For eleven days, HPM gave no public explanation for the delay. Finally, on May 14, a cryptic statement appeared on its website: “Houston Public Media’s The Takeover Podcast will not be released. The podcast reporting team did its job in covering this important community story. The editorial leadership also did its job in reviewing and identifying concerns before this podcast was released to the public.” Later, HPM added a sentence stating that “all the new facts and information” revealed by the podcast had already been published on its website. More than four months later, HPM has offered no further details to the public.
Through a series of Public Information Act requests, Texas Monthly obtained all four episodes of the podcast, which appear to be finished and ready for release. We also obtained more than six hundred pages of internal HPM emails and text messages sent between April 1 and May 15. (As an affiliate of the University of Houston, a public institution, HPM is subject to Texas open-records law.) The communications reveal that on May 2, the day before the podcast’s planned debut, HPM executives learned that Walsh was in a long-term romantic relationship with an HISD teacher. Walsh had disclosed the relationship in 2023 to his supervisor and podcast editor, Christina Lee, and planned to disclose it to listeners in a bonus episode of the podcast, according to producer Ben Henry. In an email to HPM staff, executives said the show was canceled because of an unspecified “conflict of interest.”
According to sources within the organization, the relationship was common knowledge in the HPM newsroom. Walsh’s girlfriend had accompanied him to work happy hours, a holiday party, and an awards presentation. In an email to his bosses, Walsh wrote that he told many of his interview subjects about the relationship. That transparency with sources was “an important point of trust-building that got results,” he explained.
But HPM’s leaders appear to have been taken by surprise. As soon as they discovered the relationship, they put the podcast on hold. After consulting with outside experts, they decided to kill the podcast entirely. (HPM declined to provide the names of those experts to Texas Monthly.) Executives even discussed the possibility of firing Walsh and Lee but in the end retained them, moving Walsh off the education beat. Dozens of Walsh’s stories about HISD remain on the HPM website—without a disclosure of his relationship with the HISD teacher.

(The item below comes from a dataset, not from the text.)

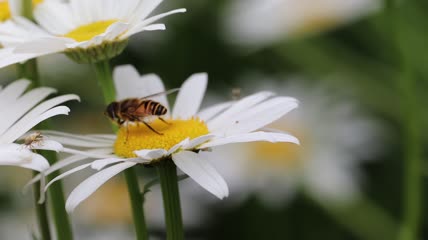 唯美清新小雏菊蜜蜂采蜜特写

Texas Monthly found no evidence that HPM canceled the podcast because of external pressure, as some community members have speculated. No inaccuracies in Walsh’s reporting are identified in the internal communications we reviewed, and HPM executives did not respond to a question about whether they had identified any.
In response to a set of questions Texas Monthly sent after HPM station manager Josh Adams declined an interview, Adams wrote that “the financial and performance implications of HISD’s takeover directly impacts [sic] teachers in the district, including bonuses, school placement, promotions, curriculum, classroom control and performance reviews. A reporter in a domestic partnership with someone who stands to gain or lose from these outcomes has a conflict of interest when reporting on related matters.” If the conflict of interest was so serious, then why didn’t HPM add a disclosure to Walsh’s many other education stories? Adams answered that an HPM news staff committee had reviewed the articles and “recommended that none of these stories be removed, edited or retracted.”
What constitutes a conflict of interest is a disputed subject among journalists. At some media outlets, an education reporter dating a teacher might be unremarkable. At others, it might require providing a brief disclosure at the end of the story. At HPM, Walsh’s relationship was apparently seen as a five-alarm fire. In separate interviews with Texas Monthly, three experts in journalism ethics questioned HPM’s decision to bury the podcast.
“Dating somebody in the school system is not perfect, but per se, it doesn’t seem like it’s disqualifying, based on what I know,” said Neil Brown, president of the Poynter Institute, a Florida-based nonprofit dedicated to promoting high-quality reporting. “In a school district that has eleven thousand teachers, the fact that a reporter might be dating one of those teachers, who is not involved in the story as a character . . . It’s a bit of a head-scratcher as to why that relationship would keep this story from getting out to the public.”
Walsh declined an interview request for this story, citing University of Houston policy; Lee did not respond to an interview request. But emails make it clear that both disagreed with HPM’s decision to kill the podcast. Walsh and Lee repeatedly urged HPM executives to publicly disclose the real reason for burying the podcast, in part to protect Walsh’s credibility. HPM’s upper management was not persuaded. “We chose to protect the privacy of individuals involved and to maintain the focus on the broader issue of journalistic integrity rather than personal relationships,” Adams explained.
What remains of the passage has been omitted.